原作は、かつて日本を震撼させた未解決事件をモチーフにした塩田武士のベストセラー小説。食品会社を標的に企業を脅迫し、未解決のまま時効を迎えた35年前の劇場型犯罪の真相に迫る阿久津。一方、平凡な毎日を過ごしていた俊也は、ある日偶然にもあの未解決事件で犯人グループが使用した脅迫テープの声が幼少時の自分の声であると知ってしまうのだった。取材が進むなかで出会った二人は、真実を知るためさらなる手がかりを探し……。
京都で妻と娘とともに平凡な暮らしを送る俊也は、父親から受け継いだ店を営むテーラー。ゆえに、既製品のスーツを着る阿久津に対し、俊也は自分の身体にぴったりと合うスーツを着こなしている。厚手のジャケットやチェック柄など、ポイントを取り入れながらもカッチリとしたスーツは俊也のこだわりが感じられる部分だ。この二人の対照的なスーツスタイルは、それぞれのキャラクターの特徴をよく表したポイントの一つ。テーラー役ということで星野はアイロンがけ、道具や布の扱い方、テーラーの所作を一通り学んでから撮影に臨んだという。

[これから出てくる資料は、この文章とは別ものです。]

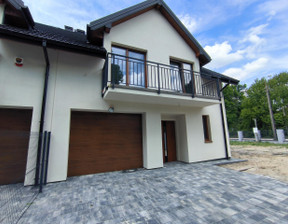 Dom na sprzedaż, Grodziski Milanówek, 1 029 900 zł, 142 m2, 27359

そんな俊也の運命は、父の遺品のなかに古いカセットテープを見つけたことから予期せぬ方向へと進んでいく。事件の真相を知ることへの恐怖を心に抱きながらも、ひとつひとつ手がかりをつかみ、真実へと立ち向かっていく俊也を繊細に演じきった星野は、キャスト発表時に「悲劇でありながらも、人間がこの社会で生きる上でとても大切なメッセージが込められたこの作品の中で、曽根俊也の悲しみと共に生き、演じていきたいと思います」と役への思いを語っていた。
また、これまでも映画『未来のミライ』などで父親役の経験はあるものの、星野いわく「こんなに子どもと向き合った役は初めて」だそう。子どもの頃の自分が、知らず知らずのうちに犯罪に関わっていたことを知り、苦悩する俊也。彼が父親として自分の子どもを見つめる、その眼差しにも注目だ。
本作の脚本を手がけたのは、「逃げるは恥だが役に立つ」「アンナチュラル」などで知られる野木亜紀子。監督は『いま、会いにゆきます』『映画 ビリギャル』などの土井裕泰が務めた。(編集部・吉田唯)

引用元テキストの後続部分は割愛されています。